Lockdown rules are not exactly clear cut. Understandably, the ambiguity surrounding the ‘stay at home rule’ allows for some kind of wiggle room given an apparent allowance for those who may find their studies or mental health negatively impacted to return to term-time addresses. However, there are definitely people who have taken advantage of these exceptions in bad faith; large parties are hardly excusable on the grounds of “mental health reasons”.


When taking advantage of such allowances, you are not just breaking some silly guideline, you are breaking a law put in place to protect us. Intensive Care Units (ICUs) are overrun with Covid cases. NHS nurses from other sectors are having to cover the ICUs, and even then, each nurse has at least two or three patients to attend to, where they should only have one. Think about that for a moment. This means that people who are dying, and not just from Covid, are not getting the care they need because we continuously fail to do our bit to protect ourselves and others.


These times call for compassion and understanding above all else. So might we not extend that sentiment to those who bend lockdown rules for genuine mental health reasons? Can we really condemn someone who, to stave off that encroaching loneliness that threatens to overcome so many of us these days, creates a bubble with another household? Of course, it is legal to do so if you’re living alone, but for many, even if your housemates are around, you might still feel lonelier than ever without a good support system within your household. Especially with so many students being stuck indoors with parents they may not get along with, it makes sense that some students have felt the need to return to their uni accommodation against government advice.

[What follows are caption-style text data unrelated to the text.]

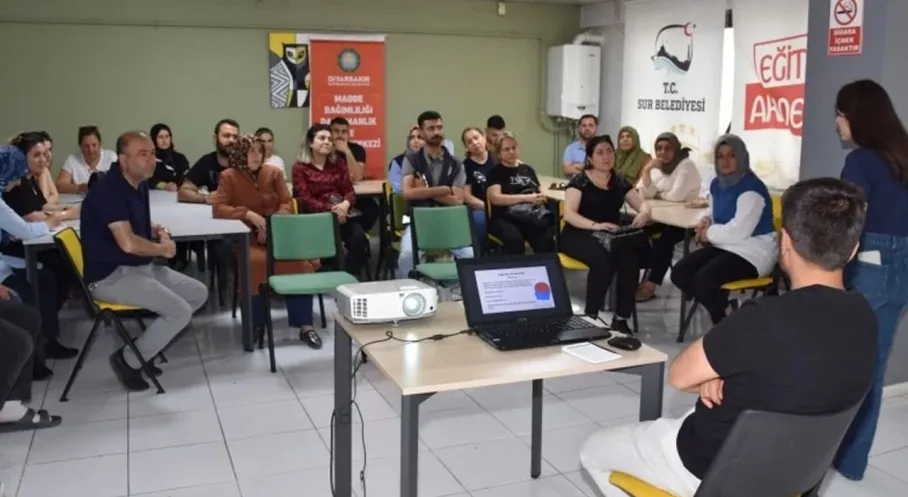 Diyarbakır'da Madde Bağımlılığına Karşı Ücretsiz Psikososyal Destek!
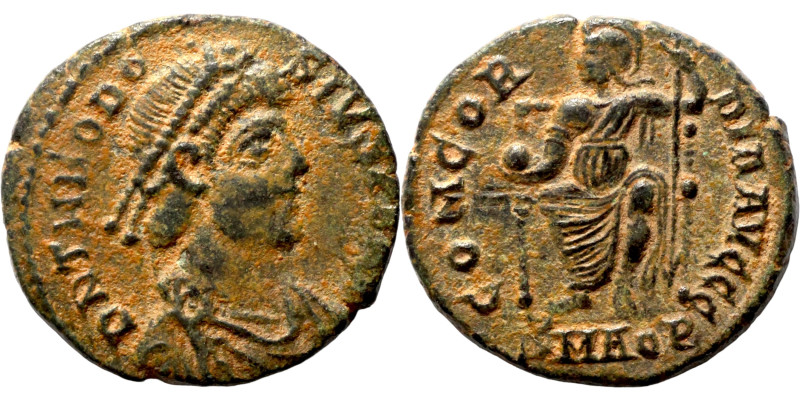 Roman Imperial coin

17mm 2,18g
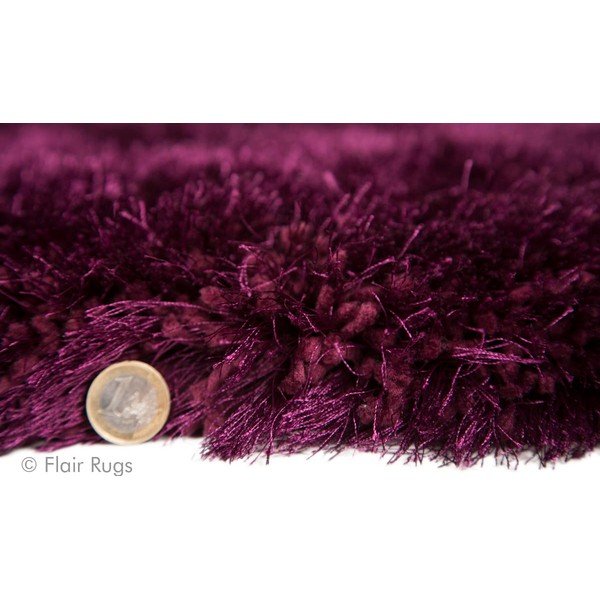 Koberec Pearl 150 cm, slivkový-image-2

Mental health is so often overlooked or treated as taboo, so perhaps a silver lining to this pandemic is that we have become far more open to the conversations about mental health, given that most people's mental health has suffered as a result of multiple lockdowns. Lockdown has hit many of us in incredibly similar ways, yet it feels like we're facing it alone.

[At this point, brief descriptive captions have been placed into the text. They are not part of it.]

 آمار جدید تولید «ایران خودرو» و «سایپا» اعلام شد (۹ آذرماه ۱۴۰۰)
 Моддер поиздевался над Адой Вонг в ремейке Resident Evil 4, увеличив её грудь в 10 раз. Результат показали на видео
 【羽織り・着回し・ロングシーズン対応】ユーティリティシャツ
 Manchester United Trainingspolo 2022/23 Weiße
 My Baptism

It is no wonder that lockdown rule-breakers feel justified in their transgressions: we’ve all been done dirty by a government that can’t clearly lay out rules, or implement sufficient measures in the first place. Students across the country, and the public at large, are right to feel exasperation at the government’s half-measures and we shouldn’t be surprised to see this frustration manifest itself in rule-bendings that make the purgatory that is the country’s third lockdown more bearable. It's understandable that some feel that unless they break the rules, the rules will break them.


Yet, even if you make sure to act cautiously, taking care not to endanger others and to minimise possible knock-on effects, you can't truly gauge the effects of your actions. The best option continues to be to just stick it out and stick to the rules. Moving back to uni is not as bad as hosting a large party, and acting to preserve your mental health is a valid motive. But the fact remains: the longer people continue to break the rules, with or without good justification, the longer they will remain in place. We are not facing it alone, and how you choose to cope with it directly affects others. Though breaking lockdown rules is in some cases justifiable, it is still a slap in the face to those who abide by the rules despite feeling just as isolated and to those who have lost their lives to the virus.

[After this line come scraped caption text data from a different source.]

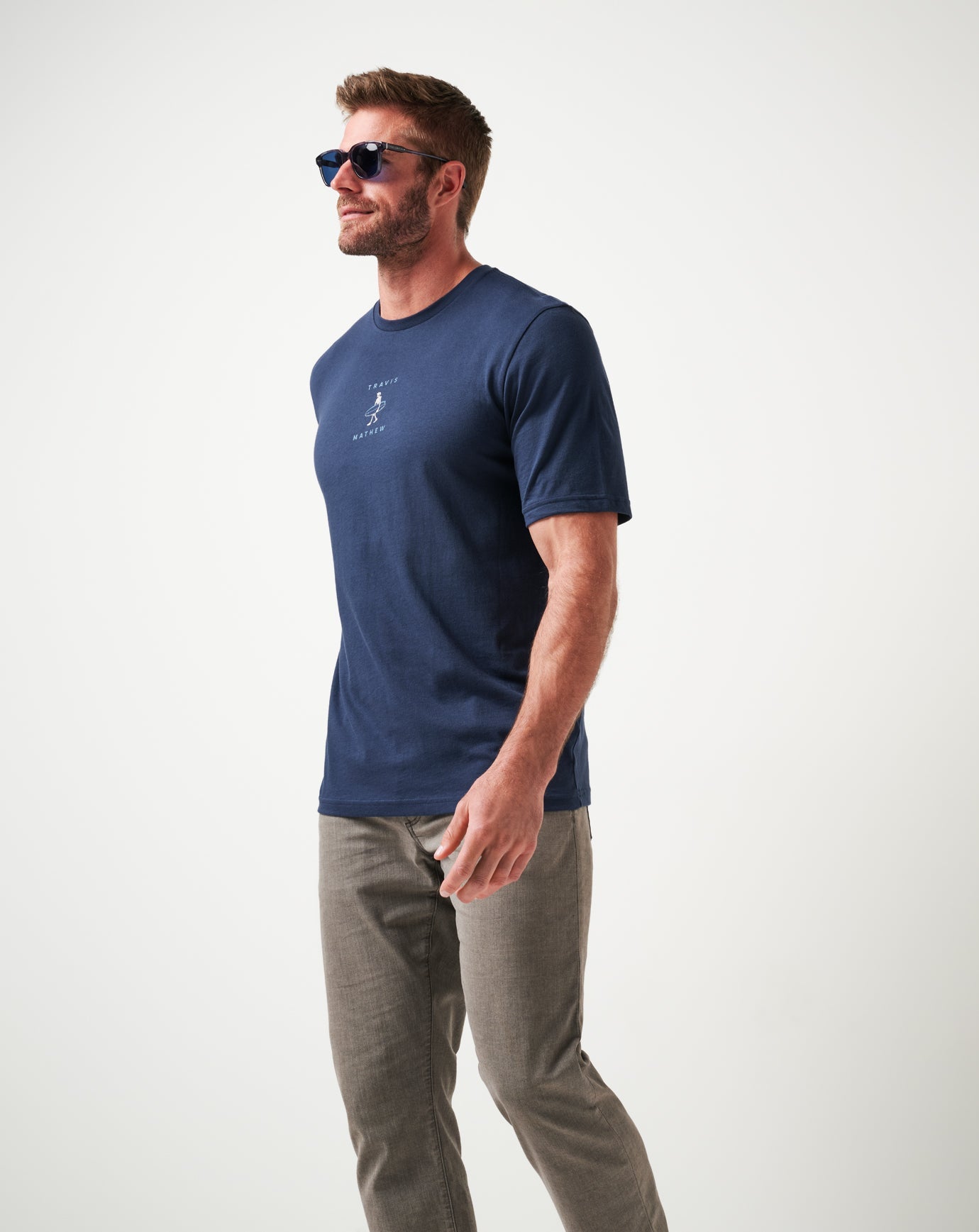Men|New Triple Up Tee
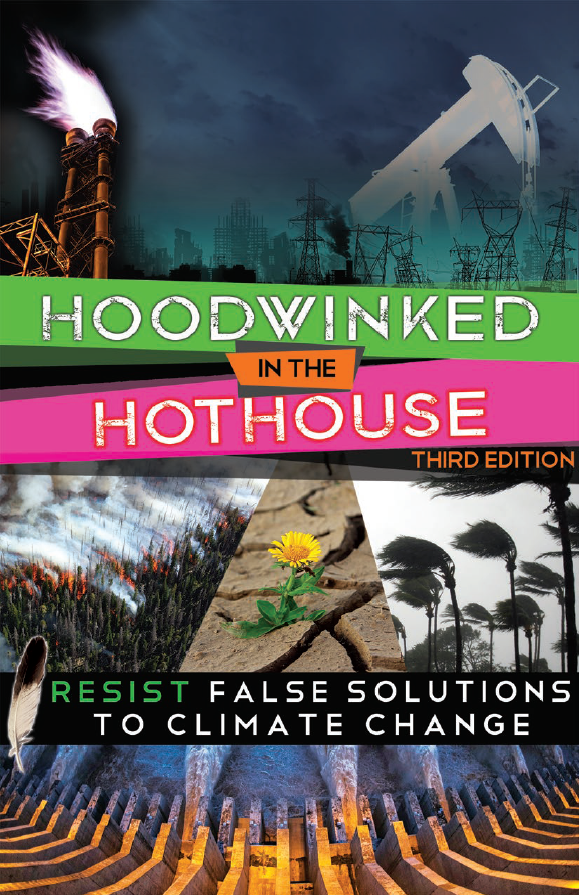 Hoodwinked in the Hothouse cover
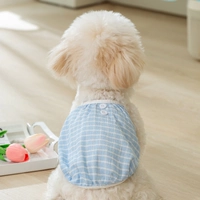 Синяя кнопка полоса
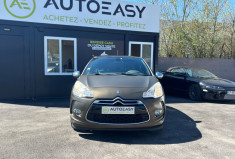 Citroën DS3 1.6 THP 156ch Black Mat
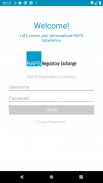 RAPS Regulatory Exchange screenshot 3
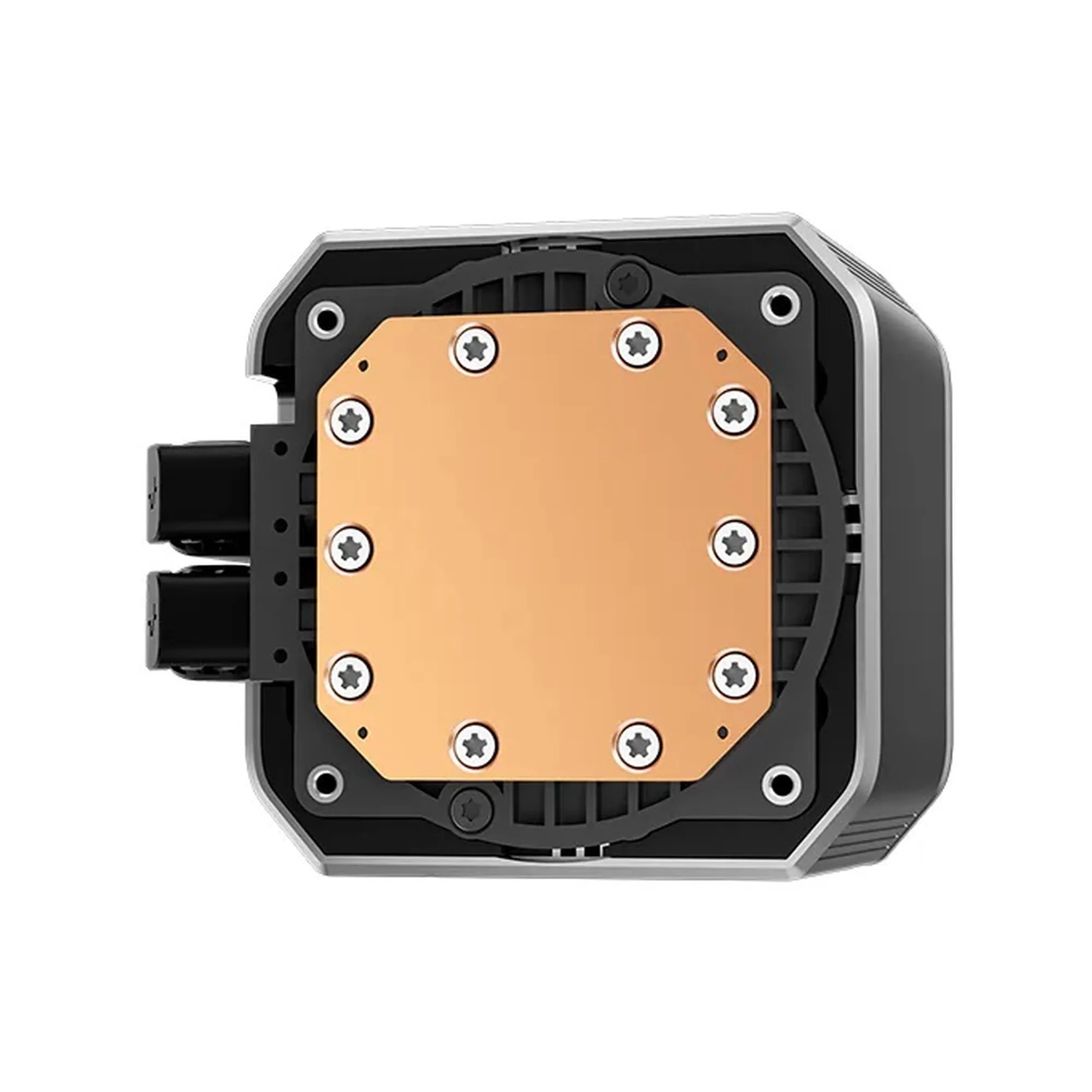 Купить Система водяного охлаждения Deepcool MYSTIQUE 360 Black (R-LX750-BKDSNMP-G-1) - фото 3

But if acting out of altruism is not feasible, then stick to the rules out of self-interest. We may not be in the high-risk bracket, but we’re still vulnerable to the unpredictable side-effects and long-term effects of the virus. The government hasn’t handled the pandemic in the most optimal way. That can't be denied. But the best thing we can do in these shitty circumstances is to sacrifice our usual comforts and freedoms to protect ourselves and others, so that we can finally put an end to the strife we are all facing apart, but together.